Higher education is good for individuals and their families, but also for the economy as a whole, Ohio Board of Regents Chancellor Jim Petro pointed out in a recent speech. But like so many good things, it comes at a price some people simply cannot afford.
Only about 26 percent of Ohio residents hold bachelor's degrees, Petro noted in a speech at Ohio State University. That compares to an average of 31 percent for the nation as a whole.
College and university graduates usually earn more than those who lack higher education. That helps them and their families and can have a dramatic impact on a state's economy, Petro said in urging Ohio's college-going rate be increased.
"For every percent we move up, it means economic activity growing the next year and for each year thereafter (by) $2.5 billion," Petro said.
While some have questioned Petro's estimate, it probably is not far off the mark. Simply calculating the additional money college graduates earn, then put back into the economy makes that clear.
But again, it is becoming increasingly difficult for high school graduates to afford higher education. At OSU, for example, average tuition and fees for in-state students have reached $9,711 a year. Include living expenses and the cost of going to the university reaches $22,365 a year.

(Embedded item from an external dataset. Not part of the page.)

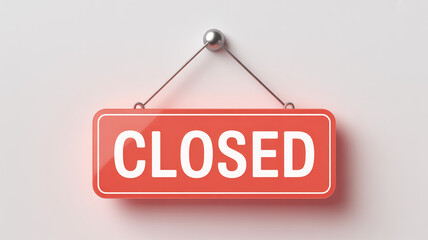 High-definition 2D coral-red CLOSED sign, bold white sans-serif text, metallic hooks, minimalist flat design, premium commercial, marketable illustration.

Many parents of college students didn't spend as much on their homes as their children will have to come up with to earn bachelor's degrees.
And while a four-year education once meant four years in college, an increasing number of students take five or even six years to earn their bachelor's degrees.
Petro is right. More Ohioans with higher education degrees would help them and the state's economy.
But colleges and universities bear a large part of the burden of making that happen, by making higher education more affordable.